Aragonès has three aces to play: he's a person who has Junqueras' highest trust, as a consultant he's a well-regarded in Barcelona's business and by the financial entities he maintains a fluid dialogue with and, finally, he comes from the party's youth wing, having even been its spokesperson. He has, as such, a pedigree, which protects from some of the internal criticism there could be at a time when Esquerra has made its openness to leaders of other political parties one of the pillars of its actions.
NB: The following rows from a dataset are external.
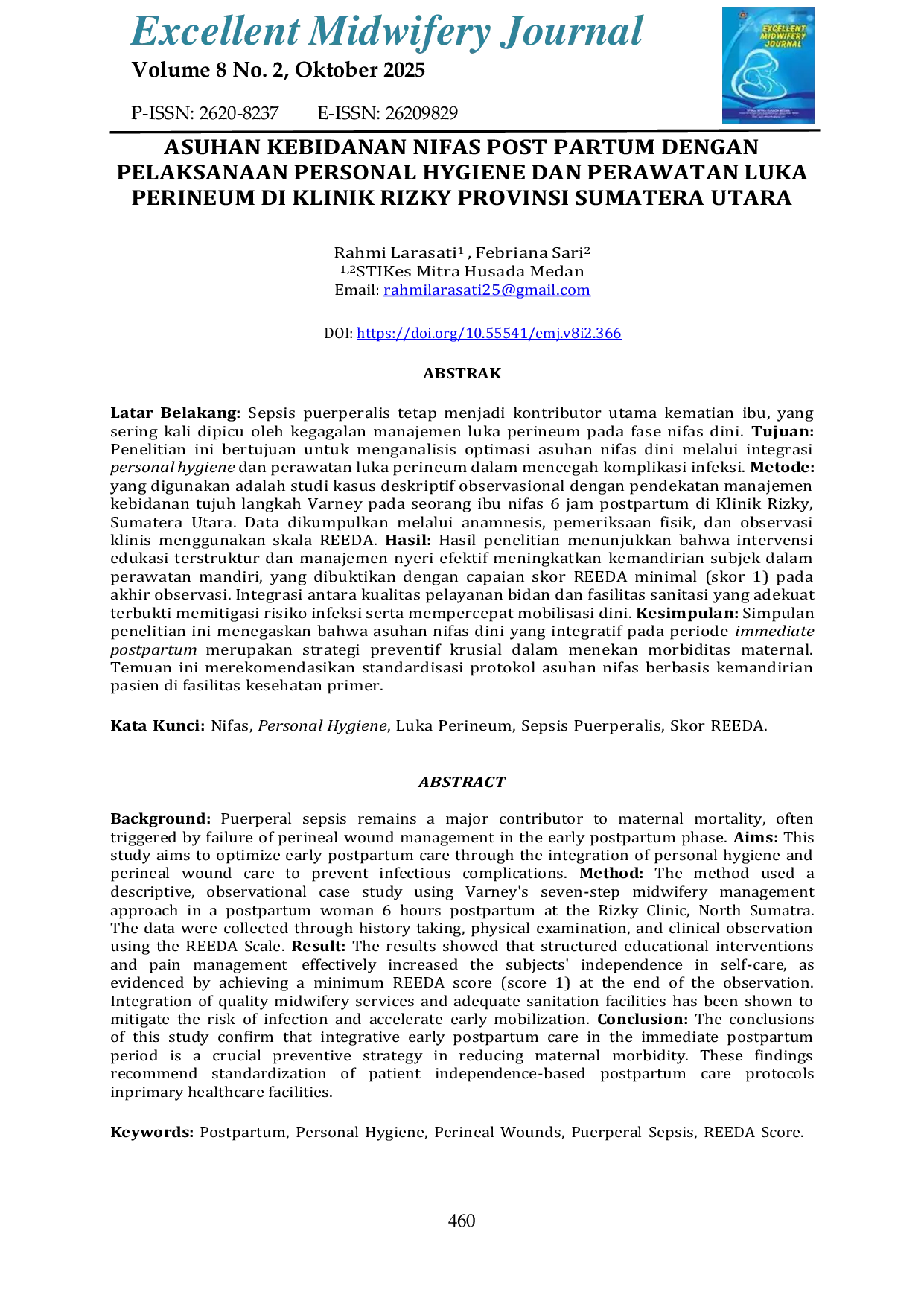 JURIS Asuhan Kebidanan Nifas Pada Ny L Post Partum 6 Jam Dengan Pelaksanaan Personal Hygiene Dan Perawatan Luka Perineum Di Klinik Rizky Provinsi Sumatera Utara Tahun 2025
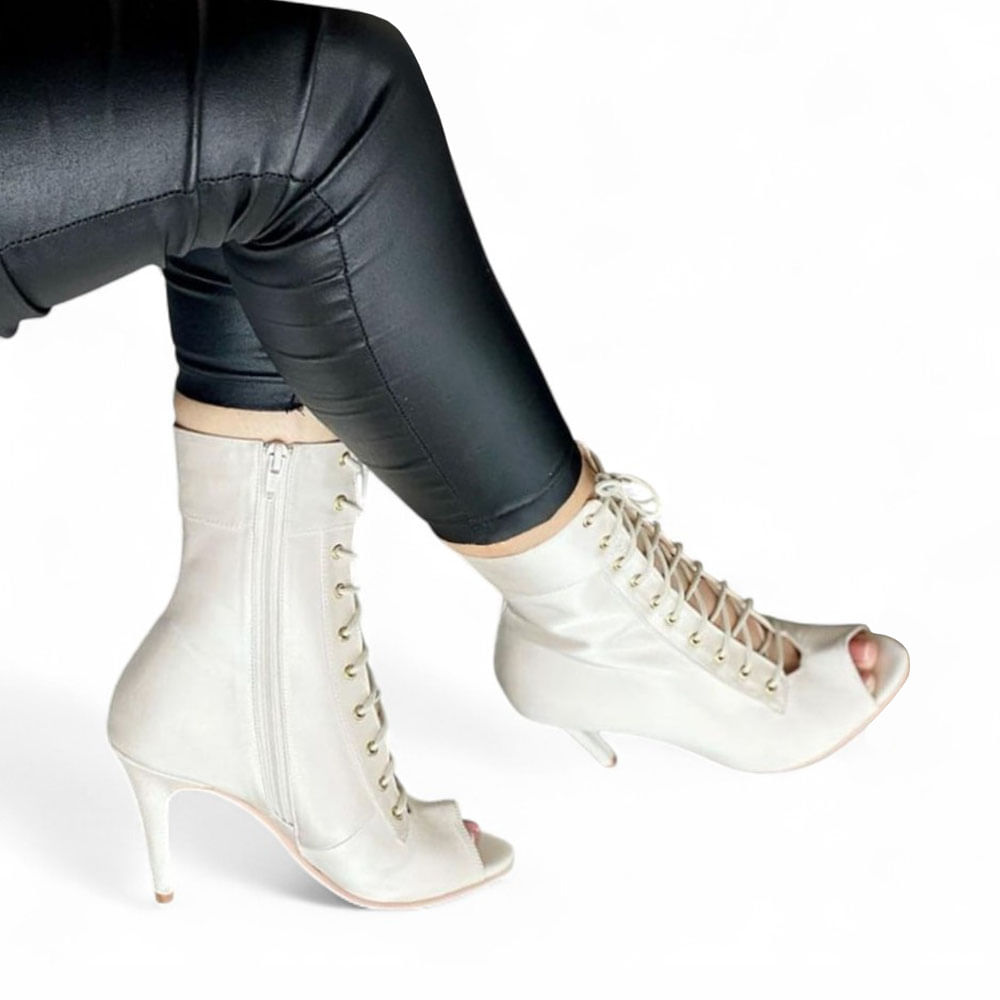 Botin Mujer Abierto Satinado Taco 9 1299 5C-85 Color Beige Talla 35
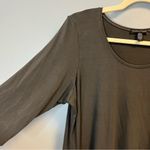 Eileen Fisher  Top Grey (Bark) Scoop Neck Elbow Sleeve Tunic Mini Dress Sz L EUC Photo 6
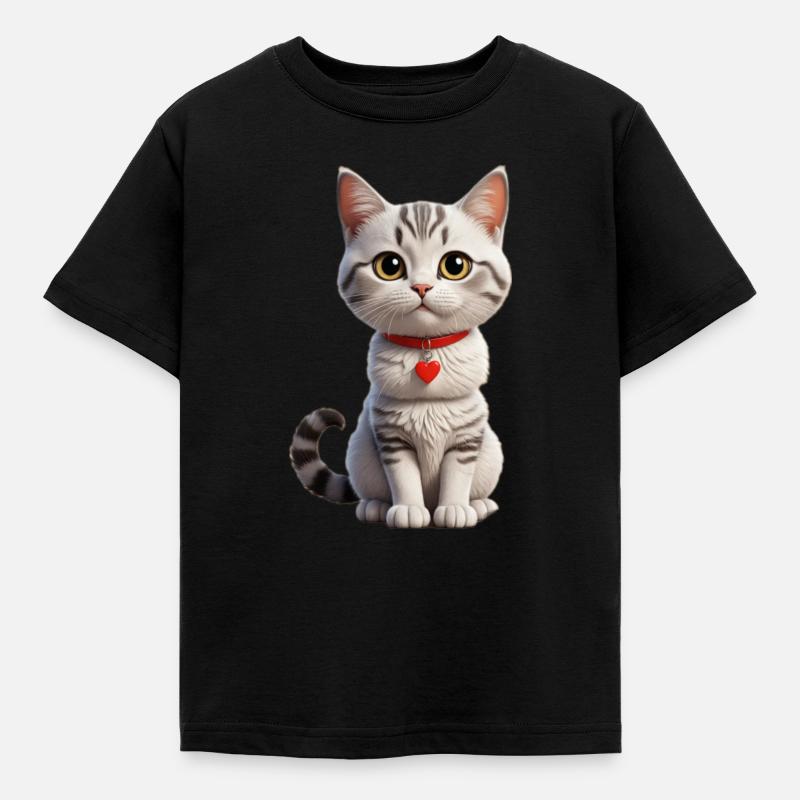 Chat de dessin animé / chat de dessin animé - T-shirt Enfant - noir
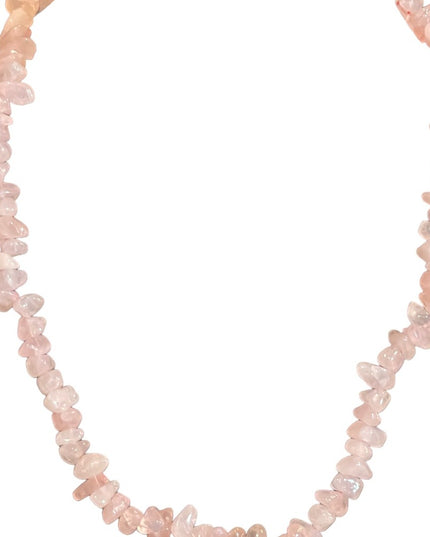 Vintage rose quartz stone nugget necklace 16”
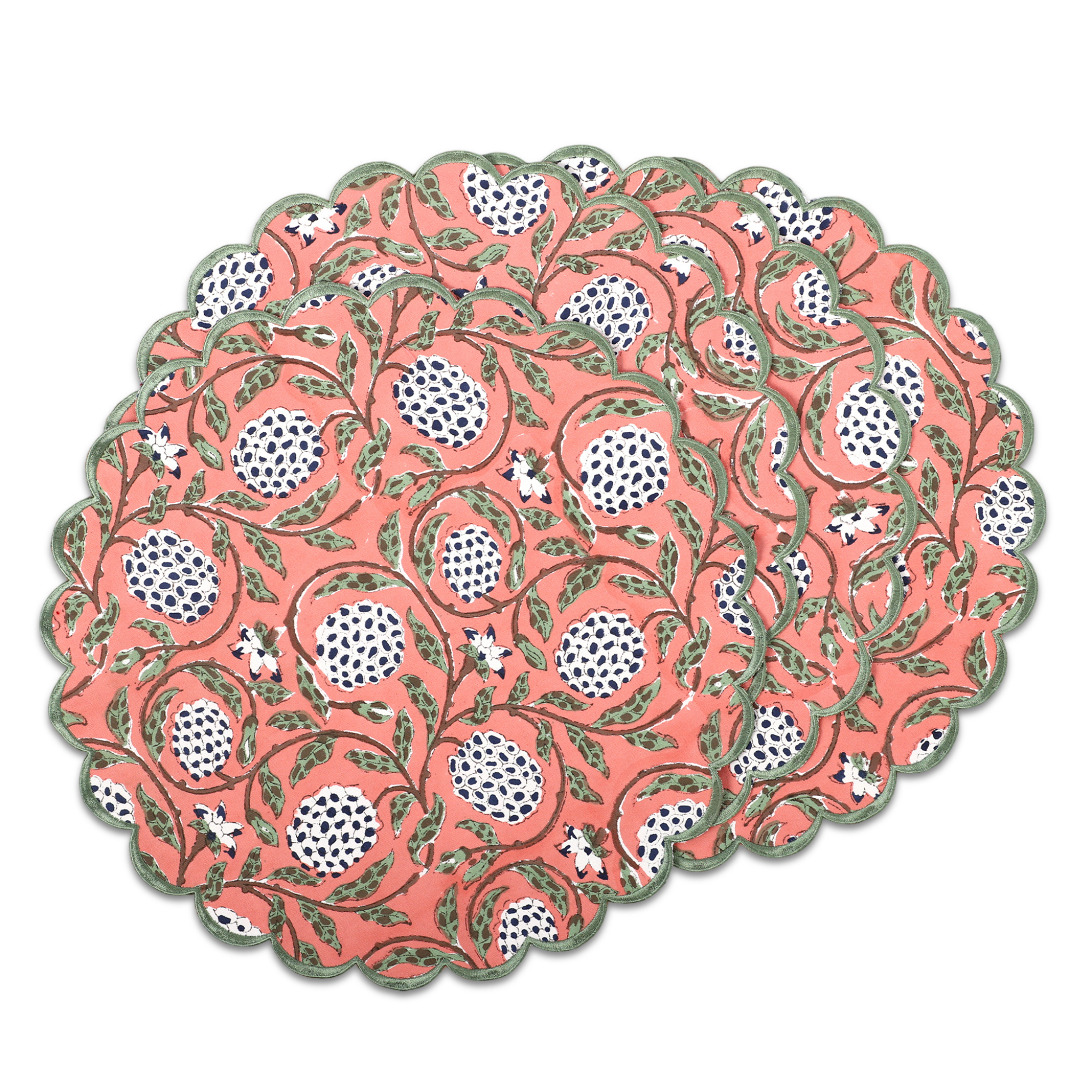 Round placemat with pomegranate pattern on a white background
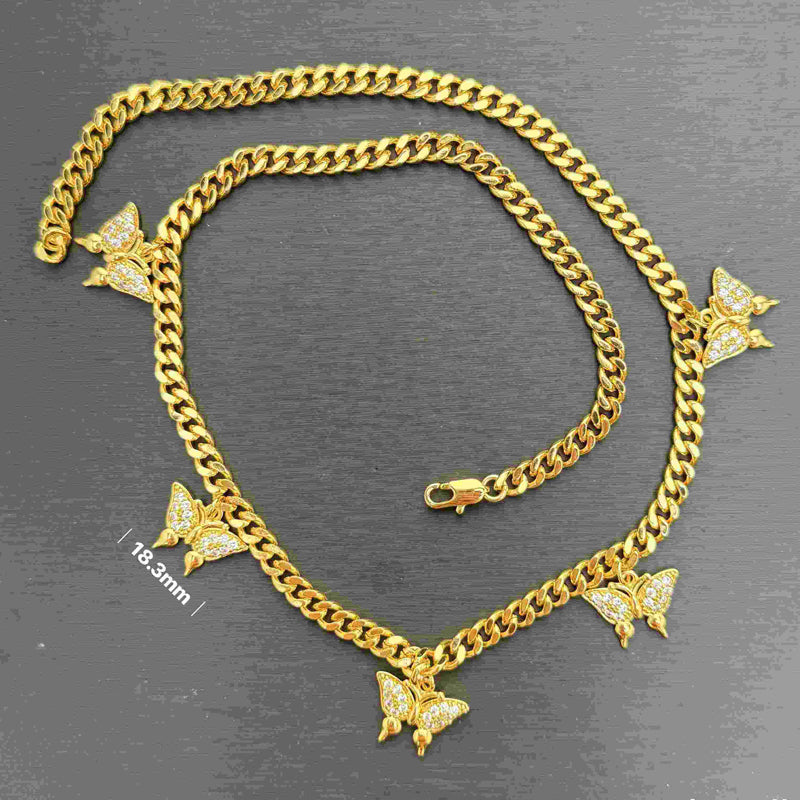 Gold Over Butterfly , Micro-Inlaid Mossanite  Tennis Necklace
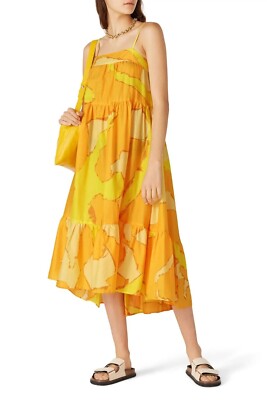 knee length dresses for ladies Orange Floral Bodycon Midi Dress – Gabi Swimwear main image 0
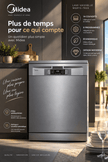 Lave-Vaisselle Midea 14 Couverts Gris – 8 Programmes, Filtre Antibactérien & Séchage Auto – WQP12-7633 - RAQO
Although this Sunday's votes didn't cover choosing a candidate for the Catalan presidency, as normal in the run-up to a sentence when the independence movement must continue advocating the release of its leaders unjustly held in a long provisional detention, it's clear that Aragonès has just gained a boost he perhaps didn't have before. His candidacy is the clearest, in fact, the only one that would be logical and consistent if Junqueras and Rovira cannot head the list.

Esquerra has other names to call on, some of them perhaps even better-known or more popular among the public. But also with more sides to them and, doubtlessly much more controversial when it comes time for a decision as complex as who to vote for in an election for president. In any case, ERC is currently one of the organisations with the greatest cohesion among its leadership and it seems unlikely (if not impossible) that any decision promoted by Junqueras will be amended.

There's no election date for Catalonia, although everything suggests one will come in the first six months of next year; too much time with all the political uncertainties there are in Catalonia. Esquerra has made a successful move, whilst the other large political party of the independence movement continues to go back and forth and is running out of time to put its house in order.